Benim gibi kelebeklerle, ağaçlarla konuşan biri için Sait Faik’i anlamamak, sevmemek mümkün mü? Ama bahçelerimize, ağaçlarımıza sahip çıkmaya başlamadan önce maalesef başka tutkular peşine düşmüş önceki kuşakların duyarsızlaşması bizi bugün onlara sahip çıkma mecburiyetine taşımadı mı? Biraz da eski bahçelerinin yerine yeni apartmanlara sahip olma şevkiyle duyarlılıklarını kaybetmiş o kuşakların mirasını yaşamıyor muyuz şu anda? İşte Murathan Mungan’ın Son İstanbul’u ne güzel anlatıyor o günlerde yenik düşmüş bir bahçenin dramını: “– Bahçede oynardık hep. Bahçe yeterdi bize. – Çocuklar büyüyorlar abla. Bahçe az geliyor onlara. Bütün dünyaları yalnızca bir bahçe olamıyor artık. Bahçenin dışına da çıkmak istiyorlar. – Bir şey söyleyeyim mi sana Talia? Bana kalırsa artık kimse için bahçenin bir anlamı kalmadı. Bu yüzden böyle bakımsız. Konak bile yabancı duruyor bu ıssız bahçeye. Bahçeler eskidenmiş Talia. Bahçeler bir şeyleri anlatmak içinmiş. Oysa bizim anlatacak hiçbir şeyimiz kalmadı…”
Kelebek anlamıştı. “Hatırlar mısın Latife Tekin’in Unutma Bahçesi'ni? Unutmak isteyen insanların bir araya toplandığı, burada geçmişlerine dair unutmak istedikleri ne varsa unuttukları bir yerden bahsedilir. Oysa sanırım bizim bambaşka bahçelere ihtiyacımız var.
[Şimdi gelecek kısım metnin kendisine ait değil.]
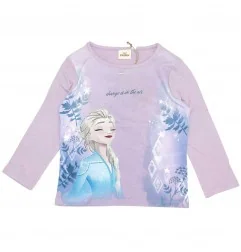 Disney Frozen Μακρυμάνικο Μπλουζάκι - 100% οργανικό βαμβάκι (VH1097.BIO purple) - Μπλουζάκια Μακρυμάνικα (μακό)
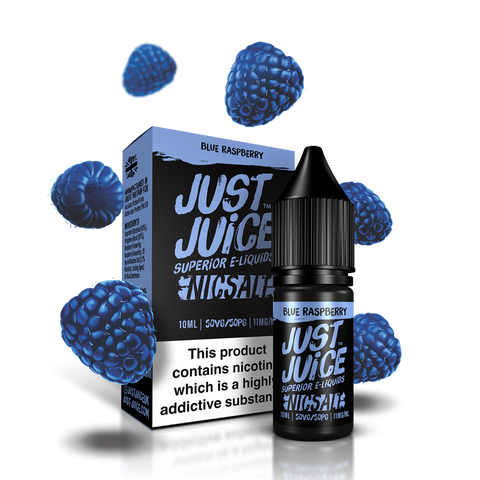 Blue Raspberry 10ml Nic Salt E-Liquid by Just Juice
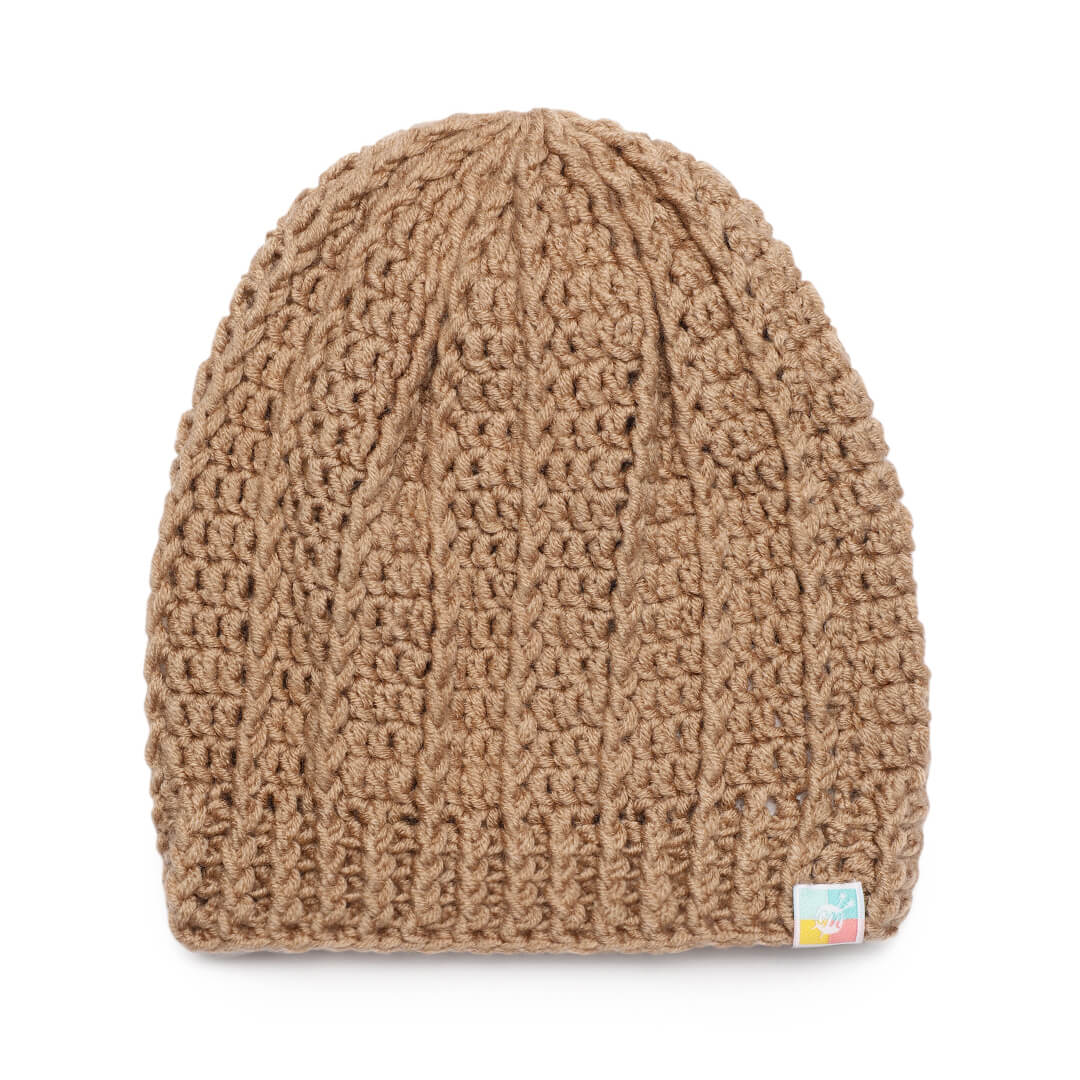 Ribbed Beanie - Khaki 3011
Ötekileştirme ve nefretin unutulduğu ancak yaşayan tüm canlıların bir ve kardeş olduğunun hatırlandığı, duyarlılıkların temel alındığı unutmama bahçelerine…” dedi ve sonra Melih Cevdet Anday’ın dizelerini mırıldanarak en yakın parka doğru uçup uzaklaştı: “Kuşlar seslerini bulmak için/ Bahçelere koşuyorlar/ O kadar yer gördüm ki/ İçim sızlıyor unuttukça.”